His father worked for British Rail, and Millar spent a lot of time with him at local train stations, which he describes as the most romantic, nostalgic places to be. Millar senior was also initially unimpressed with his son’s choice of a career in the arts, arranging for him to take on an apprenticeship as a joiner. The artist described this experience as “me in the corner with a skull reciting the sonnets of Shakespeare while there’s guys scraping their knuckles along the ground”. However, it was to be the labourers he knew from building sites which would prove to be one of his biggest artistic inspirations.
In 1976, Millar left school and moved south of the border to Newcastle-Upon-Tyne. In Newcastle he bore witness to more working men and women going about their daily lives in what he saw as almost a “choreographed dance routine.” Millar turned his hand to a string of different jobs for his first twelve years in the city, until he decided to pursue artistry full time in 1988.

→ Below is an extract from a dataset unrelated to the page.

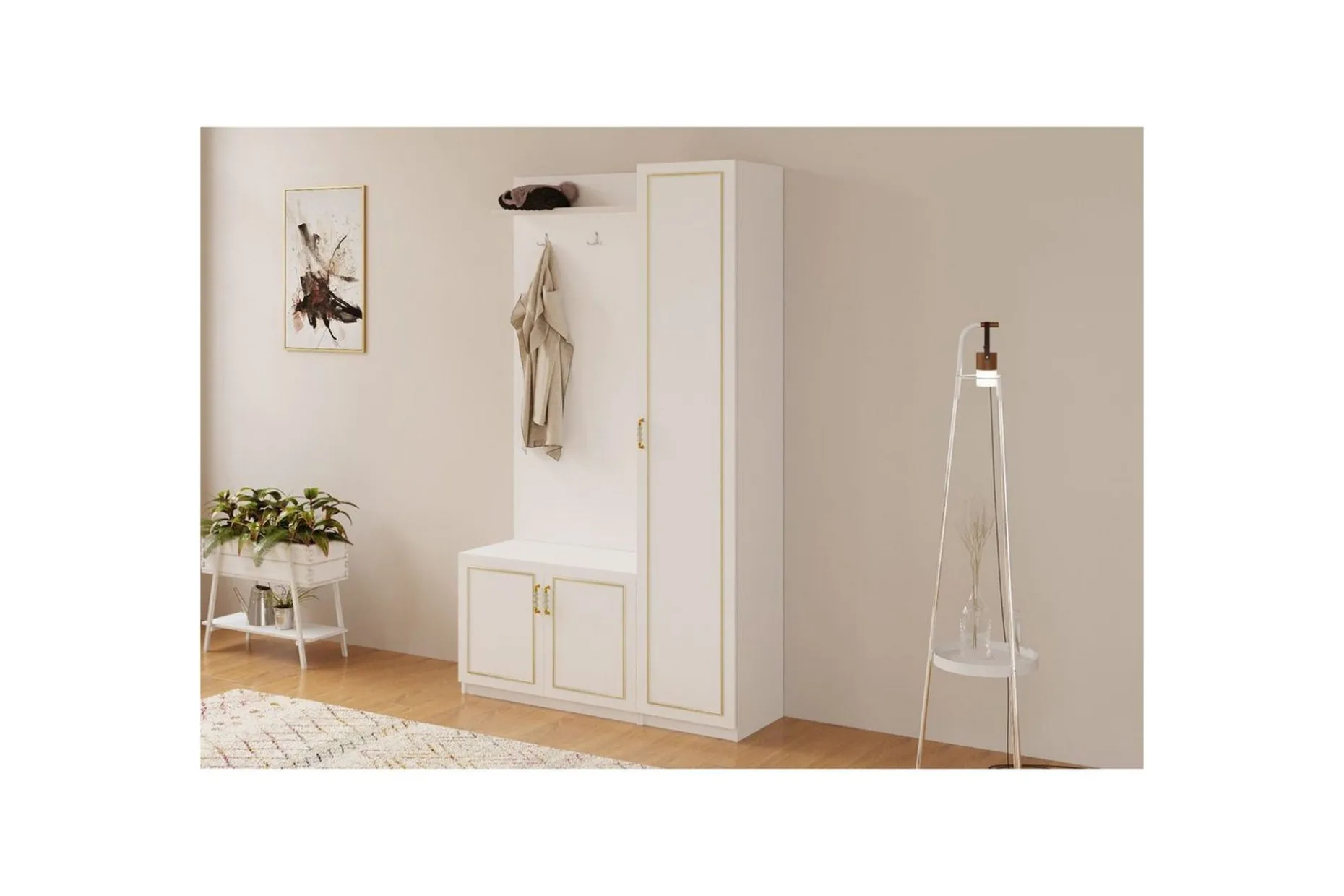 Caeton Hyllesystem 200 cm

Since Millar is completely self-taught, he has a unique and idiosyncratic style that draws on his sense for atmosphere and tendency to see the wonder in the smallest of moments. His first paintings began to explore his trademark ‘Gadgie’ characters — large working men in coats and flatcaps, often with children, almost always with their backs to the viewer. The bulky shoulders and oversized shoes of these characters emphasise the industrial nature of Millar’s surroundings. He also worked on landscapes, focusing on the factories these characters would frequent.

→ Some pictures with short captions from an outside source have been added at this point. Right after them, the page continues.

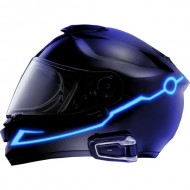 Tex Motosiklet Kask Aydınlatma LED Işık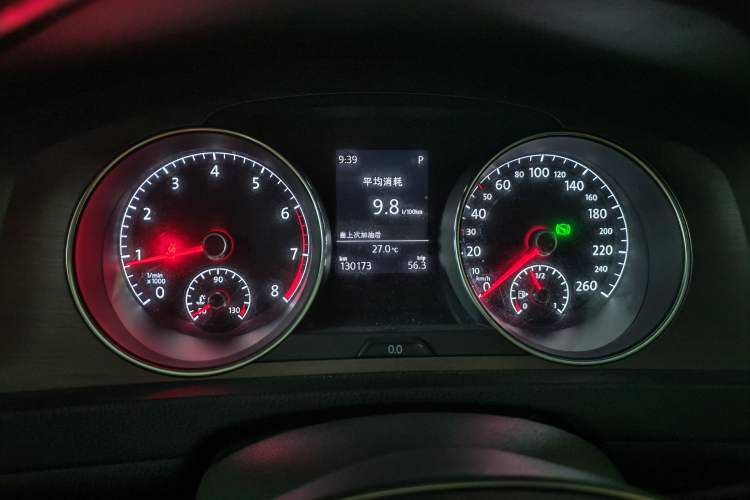 Used Volkswagen Golf 2015 1.4TSI Automatic Comfort Model Instrument Cluster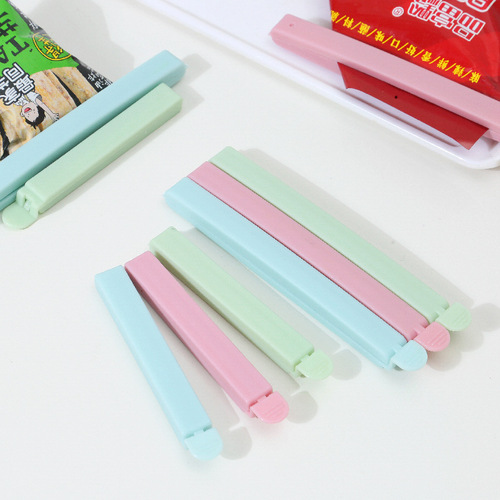 Food Sealing Clips 12cm 16cm Sealing Clips 5-Pack Household Tea Moisture-Proof Clips Storage Sealing Bags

Millar’s first show was put on by ARTeries Gallery in Glasgow, which came about after he cold called the venue with a collection of canvases in the boot of his car. The show proved so popular that every one of the fourteen paintings he brought to the gallery sold out in thirty minutes.
Eventually Millar entered his work into the ‘Not the Turner Prize’ competition ran by a popular newspaper, where he was selected as a finalist out of some ten thousand entries, winning the chance to exhibit his work in London. After that, his work began to be shown all over the UK. Some of his most famous paintings include ‘Cowboys’, ‘Happy Days’ and ‘The Wonder Of It All’.
Millar’s work struck a chord with the British public, capturing the hearts of many. His paintings grew in popularity, as epitomised by the recent sale of the original copy of ‘The Wonder Of It All’ for £100,000. This sale came about through the highly unlikely—though fitting, considering the origins of his first show—process of being cold called by a collector. This makes Millar one of only five Scottish artists to have sold a piece for such a price in the past decade.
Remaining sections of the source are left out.